─── INFORMATION PROVIDED

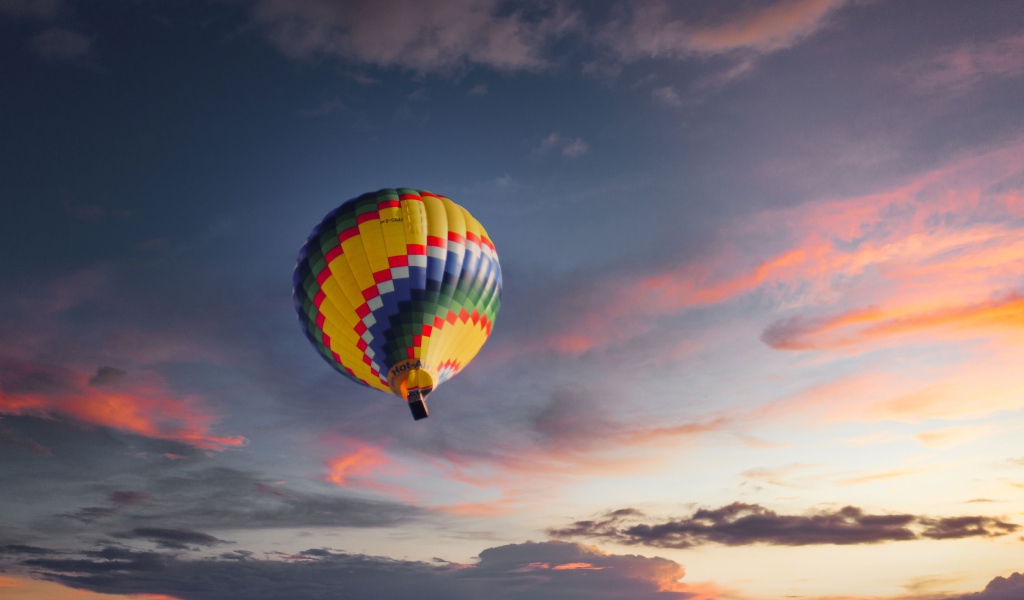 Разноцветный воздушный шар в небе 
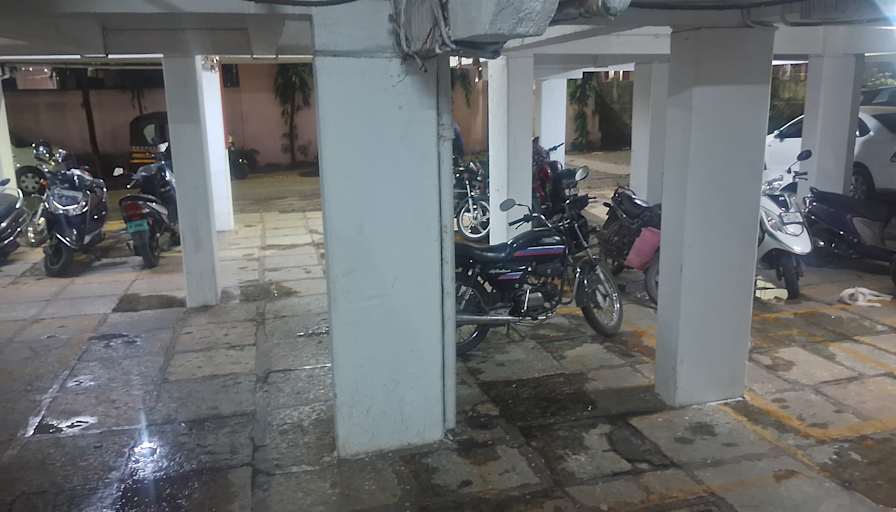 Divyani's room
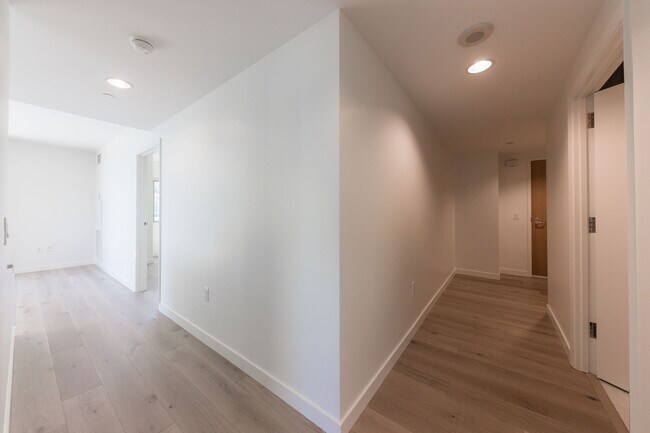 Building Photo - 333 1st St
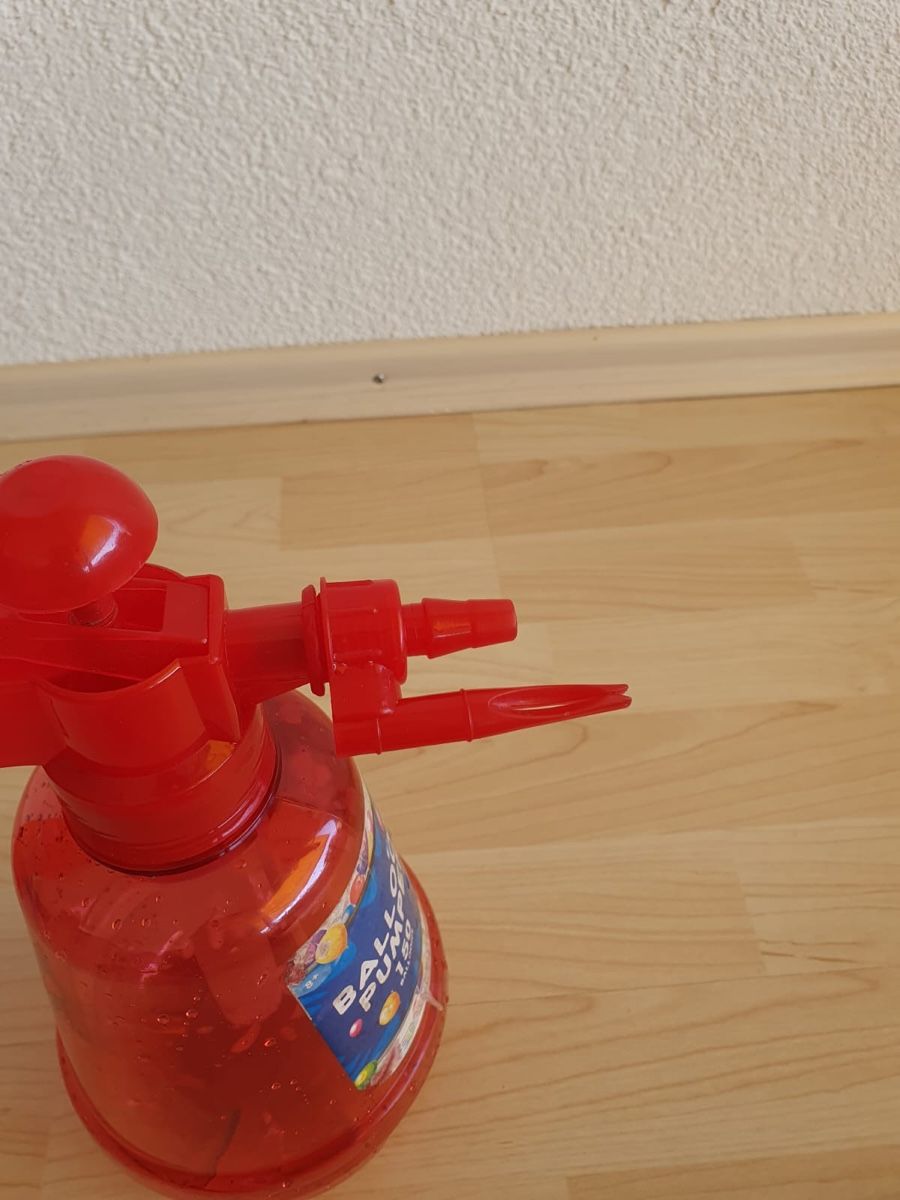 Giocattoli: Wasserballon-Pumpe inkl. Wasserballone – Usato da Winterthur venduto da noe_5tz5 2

──────
─── INFORMATION PROVIDED

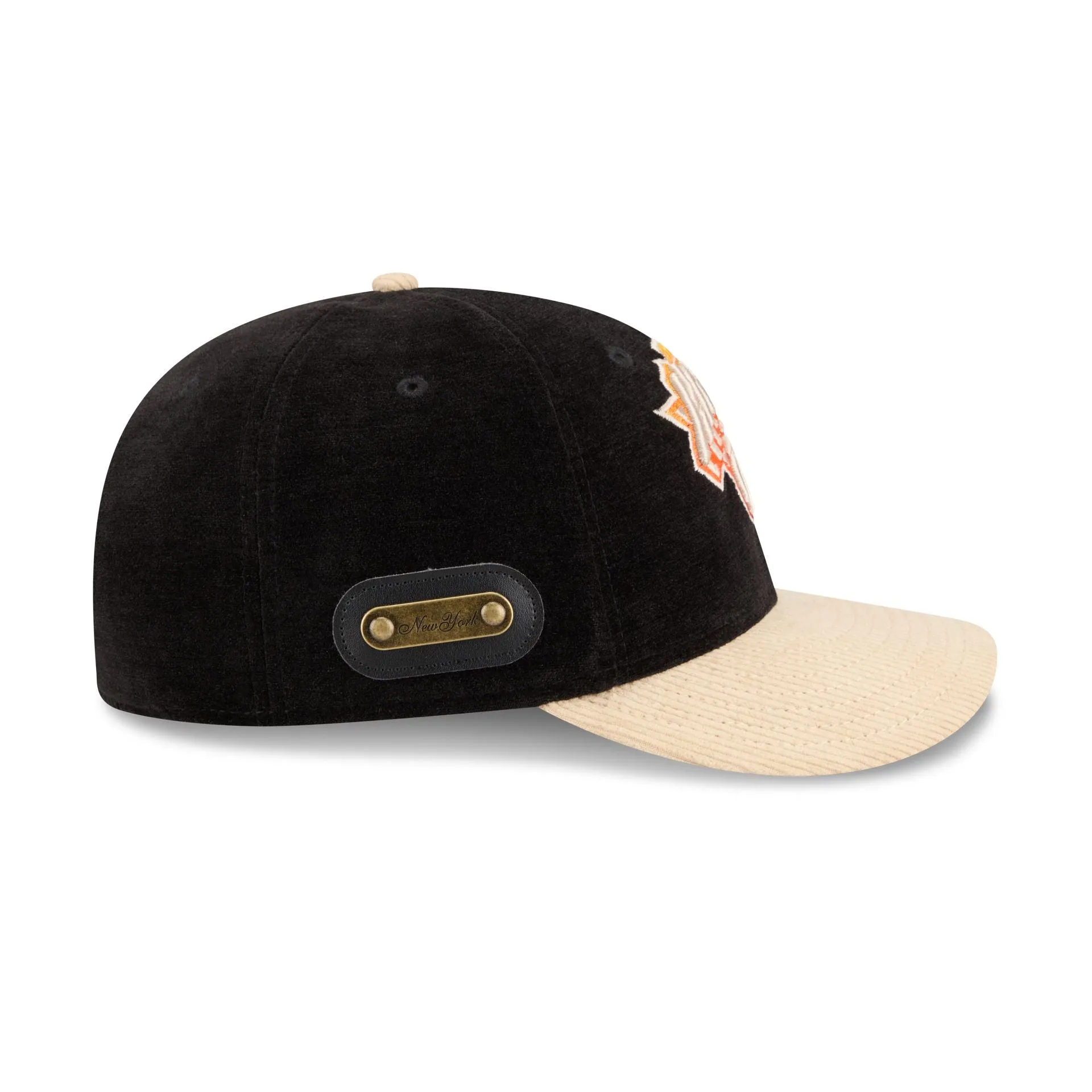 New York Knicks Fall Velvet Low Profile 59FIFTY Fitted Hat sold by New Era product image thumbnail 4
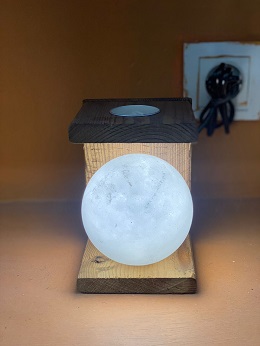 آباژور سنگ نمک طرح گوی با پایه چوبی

──────
─── INFORMATION PROVIDED

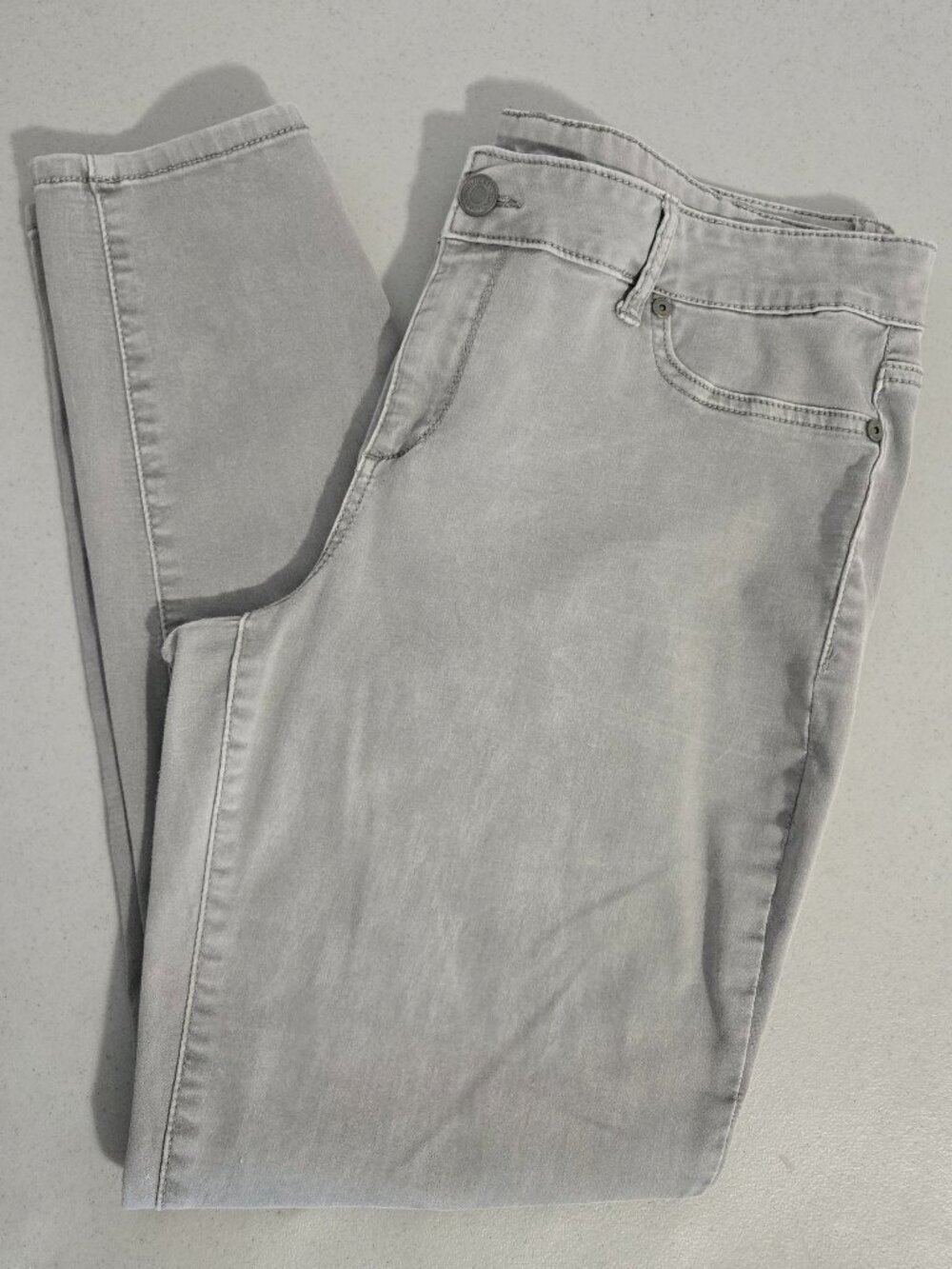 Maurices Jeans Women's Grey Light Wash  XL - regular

──────

In the entries above, find the line that contains "Разноцветный воздушный шар в небе" and the line that contains "Giocattoli: Wasserballon-Pumpe inkl.". Reproduce exactly those two lines and every line between them, but not the pictures.

* [FINISHED EXERCISE]
 Разноцветный воздушный шар в небе 
 Divyani's room
 Building Photo - 333 1st St
 Giocattoli: Wasserballon-Pumpe inkl. Wasserballone – Usato da Winterthur venduto da noe_5tz5 2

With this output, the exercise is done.